Information provided Start Marker

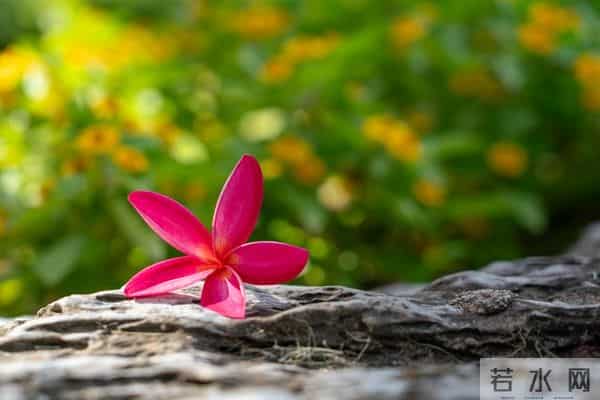 过七十岁，能混到以下几点，就算成功，就该知足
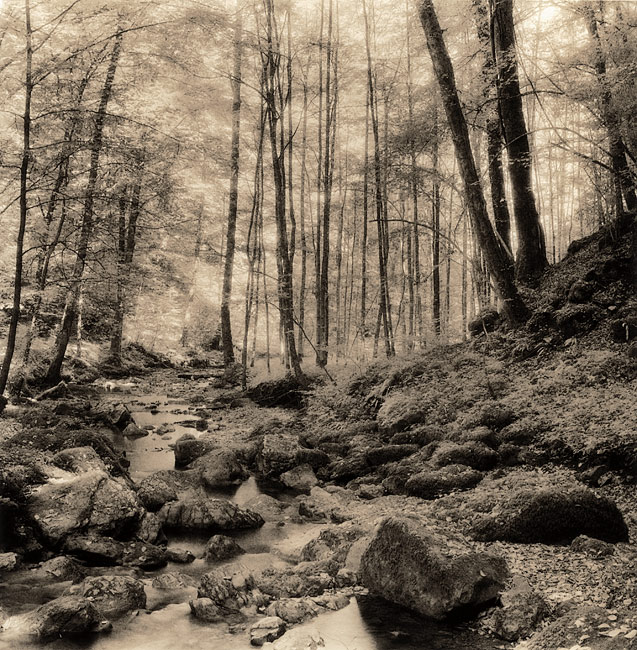 Kaltbrunnental #2 Varycon Lith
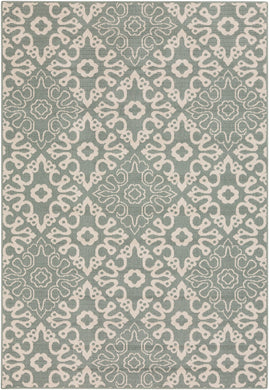 Alfresco 6' x 9' Area Rug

Information provided End Marker

● **Exercise details**: Each line from the one that contains "Kaltbrunnental #2 Varycon Lith" to the end of the listing must be quoted exactly; no other line and no picture belongs in the copy.

● **Task solution**:
 Kaltbrunnental #2 Varycon Lith
 Alfresco 6' x 9' Area Rug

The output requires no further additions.